Exercise instructions
Return each entry below without any alteration.

Task inputs
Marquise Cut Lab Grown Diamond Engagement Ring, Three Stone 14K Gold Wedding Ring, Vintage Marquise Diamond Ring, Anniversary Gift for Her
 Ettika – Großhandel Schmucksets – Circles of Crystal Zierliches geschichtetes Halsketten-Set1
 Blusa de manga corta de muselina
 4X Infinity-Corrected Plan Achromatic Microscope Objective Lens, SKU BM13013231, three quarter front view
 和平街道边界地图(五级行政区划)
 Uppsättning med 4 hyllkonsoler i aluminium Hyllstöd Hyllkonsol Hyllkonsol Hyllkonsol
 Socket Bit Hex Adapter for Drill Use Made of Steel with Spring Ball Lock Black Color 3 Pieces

Response for this exercise
Marquise Cut Lab Grown Diamond Engagement Ring, Three Stone 14K Gold Wedding Ring, Vintage Marquise Diamond Ring, Anniversary Gift for Her
 Ettika – Großhandel Schmucksets – Circles of Crystal Zierliches geschichtetes Halsketten-Set1
 Blusa de manga corta de muselina
 4X Infinity-Corrected Plan Achromatic Microscope Objective Lens, SKU BM13013231, three quarter front view
 和平街道边界地图(五级行政区划)
 Uppsättning med 4 hyllkonsoler i aluminium Hyllstöd Hyllkonsol Hyllkonsol Hyllkonsol
 Socket Bit Hex Adapter for Drill Use Made of Steel with Spring Ball Lock Black Color 3 Pieces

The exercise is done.